あと、僕が入学した1994年はインターネット黎明期。「モザイク(Mosaic)」というWEBブラウザが慶応大のワークセッション室に導入されたことがきっかけで、どっぷりとインターネットの世界に入りこみました。でもこの時点では、それを仕事にしようとは考えていませんでしたね。
―お忙しかったと思いますが、バイトは何をされていましたか?
塾講師や、ファーストフード店とか……結構いろいろやりました。でも一番は、その後の人生を大きく左右したゴルフショップでの接客バイトでしたね。横浜にあるお店だったのですが、お客様に中小企業の社長さんが多かったんです。
いろんな社長さんのお話し相手をしているうちに気に入られて飲みに連れて行ってくれたり、一緒にゴルフもやったり。世の中の面白いことをたくさん聞くことができました。
インターネットの可能性を信じ、自分で事業を動かしたい―その想いがつながって
―理系の学生は研究職やメーカーの研究員として推薦入社するというイメージですが、新卒で商社である住友商事を選ばれた理由は?
商社にいる人はみんな活き活きとしていたんです。一人ひとりが自分の店の看板を持って、個人商店を営んでいるような雰囲気がありました。メーカーに入って黙々と研究に没頭するのは、僕自身があまり向いていないようにも思いました。

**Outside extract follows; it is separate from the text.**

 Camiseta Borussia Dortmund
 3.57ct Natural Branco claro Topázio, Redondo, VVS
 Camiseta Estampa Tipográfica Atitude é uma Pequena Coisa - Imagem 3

住商の仕事は本当に楽しかったです。リテール(小売り)部門のフードビジネスを担当していまして、そのなかでも一番いい経験になったのは、イタリアで展開していたカフェレストランの日本出店を実現した時ですね。バイトの採用から店舗の運営まで全部やりました。

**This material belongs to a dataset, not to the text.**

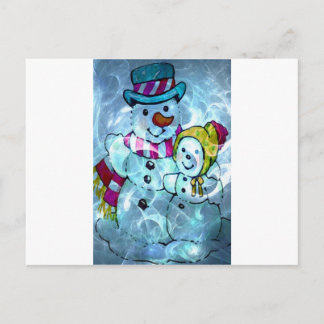 FROSTY LOVE.jpg Postcard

入社して2年目の若いうちに大きな裁量権を与えてもらい、実際に組織を回す立場になったので、自信もつきましたね。
―ゴルフの総合サイトを運営するゴルフダイジェスト・オンライン(以下、GDO)に参画したきっかけをお聞かせください。
先ほども述べましたが、学生時代からインターネットバカになっていて(笑)。今の仕事も楽しいけれど、これからどう見てもインターネットの時代が来るだろうし、この大きな流れに乗って自分もネット関係でビジネスをやりたいと思いました。
何か自分でできることでおもしろいサービスはないか、と思い至ったのが、バイトで興味を持ち、趣味でもハマっていたゴルフです。

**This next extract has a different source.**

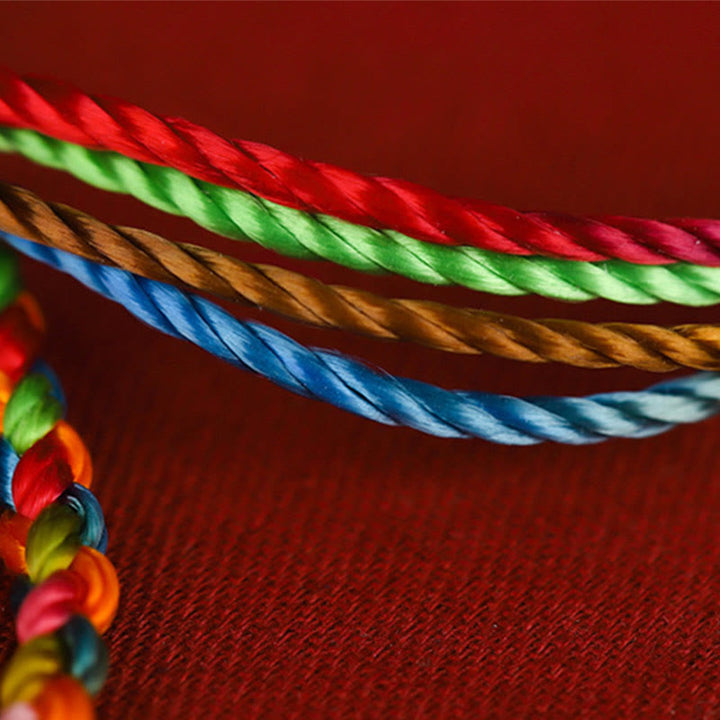 BWOOOH "May all your wishes come true" Lucky Multicolored Bracelet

ゴルフ関係のメディアで最も有名なのがゴルフダイジェストだったので、アポをとって新事業をやらせてくれと頼んだところ、ちょうど先方もオンラインサービス事業を始めて分社化しようという計画があったそうなんです。そこで是非、一緒にやらせてくださいと。ほぼ即答でした。それが1999年、26歳の時です。
―GDOに携わって壁に感じたことはありませんでしたか?
壁だらけでした。ゴルフ用品のeコマースを立ち上げたものの、全く売れなかったり、在庫切れを起こしたりして、難題ばかりでしたね。
当時はeコマースというのもまだまだ定着していないし、業界からしたら新参者ですので、受け入れてもらうには相当、苦労しました。特に販売業というのは信頼関係が第一ですから、その構築には骨が折れました。
それでも「1年後には月商1億にする」と意気込み、メーカーや問屋とも粘り強く交渉しました。1年で月商1億にできるなんて確証はなかったですけれど、信頼を勝ち取るために死にもの狂いでしたね。でも1年後には、本当に1億達成できましたよ。
ソーシャルの時代の到来を直感し、アライドアーキテクツを起業
―2005年、アライドアーキテクツ起業のきっかけを教えてください。
GDOでeコマース事業をやらせていただくなかで、今まで法人のものだった「メディア」が個人へ移っていく、そのパワーシフトを感じました。ブログを無料で開設し、そこで自由に発言したり、物を売ったり……画期的だし、情報の流通経路が変わっていくはずだと直感したんです。
ゴルフの業界では1番にはなれましたが、もっと幅広いフィールドで、ソーシャルメディアを活かした事業をやってみたいという想いが強くなったのが、起業のきっかけになりますね。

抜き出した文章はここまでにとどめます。